The span to repeat in the listing below runs from the line containing "A living room" to the line containing "Mujer desayunando con", inclusive. Repeat it exactly, and only it.

★ ★ ★ ★

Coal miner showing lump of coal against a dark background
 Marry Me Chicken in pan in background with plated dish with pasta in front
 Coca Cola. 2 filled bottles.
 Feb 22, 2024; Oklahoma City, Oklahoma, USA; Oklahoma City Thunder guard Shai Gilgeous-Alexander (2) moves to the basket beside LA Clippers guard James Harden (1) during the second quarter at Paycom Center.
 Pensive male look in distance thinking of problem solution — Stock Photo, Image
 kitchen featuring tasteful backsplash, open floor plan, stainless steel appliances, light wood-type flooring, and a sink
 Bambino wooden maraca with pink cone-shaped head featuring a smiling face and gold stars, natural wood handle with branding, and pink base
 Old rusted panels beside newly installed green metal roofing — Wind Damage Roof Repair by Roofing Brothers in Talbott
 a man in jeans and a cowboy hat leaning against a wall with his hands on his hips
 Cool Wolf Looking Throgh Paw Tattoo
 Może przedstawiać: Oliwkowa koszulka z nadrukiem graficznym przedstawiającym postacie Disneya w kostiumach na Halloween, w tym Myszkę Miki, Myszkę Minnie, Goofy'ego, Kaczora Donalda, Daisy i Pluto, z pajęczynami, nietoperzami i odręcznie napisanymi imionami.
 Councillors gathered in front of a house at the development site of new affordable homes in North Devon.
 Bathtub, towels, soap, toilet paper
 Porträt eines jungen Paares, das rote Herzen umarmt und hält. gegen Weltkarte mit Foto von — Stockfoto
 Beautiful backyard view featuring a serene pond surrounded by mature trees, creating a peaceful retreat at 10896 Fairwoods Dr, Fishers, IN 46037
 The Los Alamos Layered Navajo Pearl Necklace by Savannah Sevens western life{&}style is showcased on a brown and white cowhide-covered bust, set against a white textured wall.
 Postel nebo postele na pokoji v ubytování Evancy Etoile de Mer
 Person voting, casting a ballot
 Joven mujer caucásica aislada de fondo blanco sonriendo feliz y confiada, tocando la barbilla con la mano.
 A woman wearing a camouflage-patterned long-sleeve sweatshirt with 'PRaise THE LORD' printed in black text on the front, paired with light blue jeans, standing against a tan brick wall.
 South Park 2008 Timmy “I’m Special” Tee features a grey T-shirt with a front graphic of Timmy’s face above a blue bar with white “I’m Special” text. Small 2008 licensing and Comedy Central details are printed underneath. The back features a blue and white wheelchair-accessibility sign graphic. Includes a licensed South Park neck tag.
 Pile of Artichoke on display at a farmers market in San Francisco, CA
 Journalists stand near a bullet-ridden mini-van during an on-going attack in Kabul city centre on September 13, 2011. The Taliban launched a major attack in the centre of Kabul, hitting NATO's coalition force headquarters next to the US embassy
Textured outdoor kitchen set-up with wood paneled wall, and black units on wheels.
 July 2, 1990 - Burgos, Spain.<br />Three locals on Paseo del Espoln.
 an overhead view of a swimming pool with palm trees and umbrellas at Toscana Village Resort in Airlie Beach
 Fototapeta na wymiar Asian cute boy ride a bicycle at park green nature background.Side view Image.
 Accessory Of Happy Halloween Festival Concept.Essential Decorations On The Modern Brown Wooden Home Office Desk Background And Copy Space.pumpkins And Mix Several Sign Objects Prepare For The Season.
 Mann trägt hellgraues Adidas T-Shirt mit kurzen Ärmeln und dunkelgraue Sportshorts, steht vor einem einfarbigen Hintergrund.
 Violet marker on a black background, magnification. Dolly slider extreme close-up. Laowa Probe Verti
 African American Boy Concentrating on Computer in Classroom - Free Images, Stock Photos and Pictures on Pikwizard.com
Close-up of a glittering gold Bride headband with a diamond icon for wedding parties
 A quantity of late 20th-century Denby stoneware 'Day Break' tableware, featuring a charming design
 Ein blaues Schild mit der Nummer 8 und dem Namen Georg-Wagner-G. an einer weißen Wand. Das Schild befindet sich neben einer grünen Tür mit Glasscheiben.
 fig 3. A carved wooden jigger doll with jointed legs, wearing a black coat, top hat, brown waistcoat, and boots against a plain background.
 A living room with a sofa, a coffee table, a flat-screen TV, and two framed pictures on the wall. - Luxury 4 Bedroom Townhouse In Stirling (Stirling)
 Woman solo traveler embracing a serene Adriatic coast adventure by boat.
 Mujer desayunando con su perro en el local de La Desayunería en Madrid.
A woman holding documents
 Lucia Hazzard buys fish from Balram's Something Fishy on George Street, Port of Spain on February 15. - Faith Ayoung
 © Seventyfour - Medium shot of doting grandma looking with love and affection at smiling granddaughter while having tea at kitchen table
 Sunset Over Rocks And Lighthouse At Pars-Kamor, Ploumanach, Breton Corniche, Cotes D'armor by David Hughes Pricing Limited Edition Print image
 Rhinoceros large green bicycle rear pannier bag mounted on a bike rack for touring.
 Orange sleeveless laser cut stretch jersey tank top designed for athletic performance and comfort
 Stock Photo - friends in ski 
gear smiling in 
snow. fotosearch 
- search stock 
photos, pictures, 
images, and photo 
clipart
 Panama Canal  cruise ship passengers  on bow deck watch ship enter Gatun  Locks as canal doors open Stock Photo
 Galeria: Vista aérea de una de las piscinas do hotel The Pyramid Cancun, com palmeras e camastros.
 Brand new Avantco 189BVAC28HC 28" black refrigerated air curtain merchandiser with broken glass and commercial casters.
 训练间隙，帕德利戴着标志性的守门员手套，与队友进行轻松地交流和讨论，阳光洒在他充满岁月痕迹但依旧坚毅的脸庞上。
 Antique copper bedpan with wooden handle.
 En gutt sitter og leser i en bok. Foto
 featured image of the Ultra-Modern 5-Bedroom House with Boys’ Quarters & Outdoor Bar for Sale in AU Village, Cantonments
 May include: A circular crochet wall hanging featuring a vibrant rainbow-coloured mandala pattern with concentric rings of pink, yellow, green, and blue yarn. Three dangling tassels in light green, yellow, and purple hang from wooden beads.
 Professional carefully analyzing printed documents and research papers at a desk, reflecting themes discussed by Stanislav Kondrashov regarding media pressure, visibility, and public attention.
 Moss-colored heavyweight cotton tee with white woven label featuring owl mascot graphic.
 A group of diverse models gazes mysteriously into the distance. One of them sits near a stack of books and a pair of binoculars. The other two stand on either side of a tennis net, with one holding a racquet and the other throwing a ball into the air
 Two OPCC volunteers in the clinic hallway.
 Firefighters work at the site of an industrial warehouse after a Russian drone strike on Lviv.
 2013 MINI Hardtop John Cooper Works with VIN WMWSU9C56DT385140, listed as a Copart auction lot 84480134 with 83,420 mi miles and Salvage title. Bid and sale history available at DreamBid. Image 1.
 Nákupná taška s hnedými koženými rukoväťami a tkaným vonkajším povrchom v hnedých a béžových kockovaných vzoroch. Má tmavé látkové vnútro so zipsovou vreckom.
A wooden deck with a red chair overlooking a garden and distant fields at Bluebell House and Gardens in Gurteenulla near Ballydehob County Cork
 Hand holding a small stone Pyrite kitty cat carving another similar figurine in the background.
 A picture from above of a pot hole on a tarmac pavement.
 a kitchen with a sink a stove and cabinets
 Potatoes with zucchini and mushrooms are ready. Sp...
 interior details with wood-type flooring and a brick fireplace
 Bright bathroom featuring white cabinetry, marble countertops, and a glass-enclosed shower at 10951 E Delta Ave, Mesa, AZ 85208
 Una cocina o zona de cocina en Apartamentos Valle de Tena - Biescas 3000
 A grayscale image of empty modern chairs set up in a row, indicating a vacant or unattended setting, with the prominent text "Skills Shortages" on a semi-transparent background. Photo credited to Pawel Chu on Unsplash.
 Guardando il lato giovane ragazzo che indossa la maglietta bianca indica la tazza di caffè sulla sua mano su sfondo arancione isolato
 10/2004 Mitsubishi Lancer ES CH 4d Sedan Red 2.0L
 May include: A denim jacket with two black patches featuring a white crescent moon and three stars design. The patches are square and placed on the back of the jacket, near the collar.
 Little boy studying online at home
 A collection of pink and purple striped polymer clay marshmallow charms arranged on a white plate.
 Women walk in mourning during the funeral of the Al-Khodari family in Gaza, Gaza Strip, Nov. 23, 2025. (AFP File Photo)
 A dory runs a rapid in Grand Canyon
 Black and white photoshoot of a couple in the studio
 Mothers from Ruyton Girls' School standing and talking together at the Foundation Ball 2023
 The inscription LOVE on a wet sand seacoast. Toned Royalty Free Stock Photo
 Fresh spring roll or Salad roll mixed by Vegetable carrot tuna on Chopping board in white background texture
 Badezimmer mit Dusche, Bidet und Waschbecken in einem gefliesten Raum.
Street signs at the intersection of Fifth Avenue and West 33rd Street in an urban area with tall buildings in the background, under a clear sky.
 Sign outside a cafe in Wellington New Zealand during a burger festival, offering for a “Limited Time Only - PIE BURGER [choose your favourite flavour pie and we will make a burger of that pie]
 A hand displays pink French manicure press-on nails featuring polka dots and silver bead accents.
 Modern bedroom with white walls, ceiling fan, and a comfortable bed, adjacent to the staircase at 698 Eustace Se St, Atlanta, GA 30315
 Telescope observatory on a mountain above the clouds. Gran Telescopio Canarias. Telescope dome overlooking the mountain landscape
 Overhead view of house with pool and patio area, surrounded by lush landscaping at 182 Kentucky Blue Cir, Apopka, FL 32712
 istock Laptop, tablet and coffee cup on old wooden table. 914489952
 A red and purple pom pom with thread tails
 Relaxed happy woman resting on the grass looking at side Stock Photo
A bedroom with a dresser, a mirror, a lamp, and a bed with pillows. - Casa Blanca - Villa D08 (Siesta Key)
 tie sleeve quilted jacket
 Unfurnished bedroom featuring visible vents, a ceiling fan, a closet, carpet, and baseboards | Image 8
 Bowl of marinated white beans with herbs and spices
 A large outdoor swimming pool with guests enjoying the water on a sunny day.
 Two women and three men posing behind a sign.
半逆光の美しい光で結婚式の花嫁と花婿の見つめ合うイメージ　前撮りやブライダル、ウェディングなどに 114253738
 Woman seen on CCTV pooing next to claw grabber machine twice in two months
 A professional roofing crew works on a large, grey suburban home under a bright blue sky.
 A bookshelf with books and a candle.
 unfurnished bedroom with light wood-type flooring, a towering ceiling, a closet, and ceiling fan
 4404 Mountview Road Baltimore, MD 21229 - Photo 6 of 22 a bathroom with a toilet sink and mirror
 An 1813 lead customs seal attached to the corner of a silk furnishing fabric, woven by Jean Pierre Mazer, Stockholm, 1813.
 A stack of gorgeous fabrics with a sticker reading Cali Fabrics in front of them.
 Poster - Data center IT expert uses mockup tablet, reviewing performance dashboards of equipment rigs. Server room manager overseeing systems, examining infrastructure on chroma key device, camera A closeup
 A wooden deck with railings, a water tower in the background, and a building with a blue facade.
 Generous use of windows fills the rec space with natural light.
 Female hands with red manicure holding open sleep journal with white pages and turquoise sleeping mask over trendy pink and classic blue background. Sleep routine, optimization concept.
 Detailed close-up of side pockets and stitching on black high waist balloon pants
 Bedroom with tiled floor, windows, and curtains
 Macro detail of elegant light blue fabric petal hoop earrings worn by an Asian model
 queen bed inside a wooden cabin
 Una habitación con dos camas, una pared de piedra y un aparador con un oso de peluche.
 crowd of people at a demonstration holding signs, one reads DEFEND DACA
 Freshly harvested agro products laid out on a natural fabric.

★ ★ ★ ★

## [RESULT FOR THIS EXERCISE]
 A living room with a sofa, a coffee table, a flat-screen TV, and two framed pictures on the wall. - Luxury 4 Bedroom Townhouse In Stirling (Stirling)
 Woman solo traveler embracing a serene Adriatic coast adventure by boat.
 Mujer desayunando con su perro en el local de La Desayunería en Madrid.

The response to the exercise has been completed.